By News Desk
UNITED NATIONS, GENEVA—The United Nations is witnessing quick developments on Kashmir conflict. The latest is the floating of a proposal to appoint a UN Special Representative for Jammu & Kashmir. The move is in its initial stages. Several countries are involved in private discussions on the proposal, and a lot depends on Pakistan’s ability to leverage its influence.
The Kashmir Delegation to United Nations Human Rights Council (UNHRC) has requested the world’s top rights body to appoint a Special Representative for Jammu & Kashmir, in another step that increases diplomatic pressure on India in the seven-decade-old conflict.
“My organization would request the Council for appointment of Special Representative on the situation in Jammu & Kashmir so that facts may come to light,” Syed Faiz Naqshbandi, Convener All Parties Hurriyat Conference (APHC), the umbrella organization of pro-freedom Kashmiri political parties, told member states of the Council.
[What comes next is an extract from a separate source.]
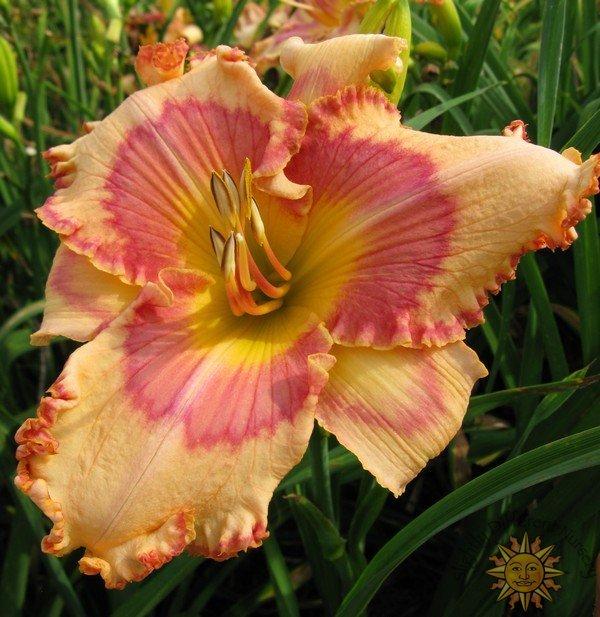 Photo of Daylily (Hemerocallis 'Sound of Color') uploaded by Calif_Sue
His statement comes as the United Nations ends its 50-year silence on Kashmir with three policy statements at Human Rights Council in September, March and June, all chastising India for gross human rights violations in Kashmir.
Senior woman leader from Indian-occupied Kashmir, Mrs. Shamim Shawl, devoted her speech at UNHRC to the UN General Assembly Resolution of December 17, 1979. The resolution laid out a Code of Conduct in all conflict zones. “The use of pellet guns blinding and killing people,” she said, “is a gross violation both under international humanitarian law and international law. The use of lethal pellets guns has created an atmosphere of threat and fear among young generation.”
Mrs. Shawl represented the International Muslim Women’s Union. She informed the Council about the case of Adil Farooq Magrey, a Grade 12 student killed by Indian army in Shopian; a Kashmir area, on Tuesday, June 6, 2017. The Indian soldiers involved in the murder belong to the 44 Rashtriya Rifles unit.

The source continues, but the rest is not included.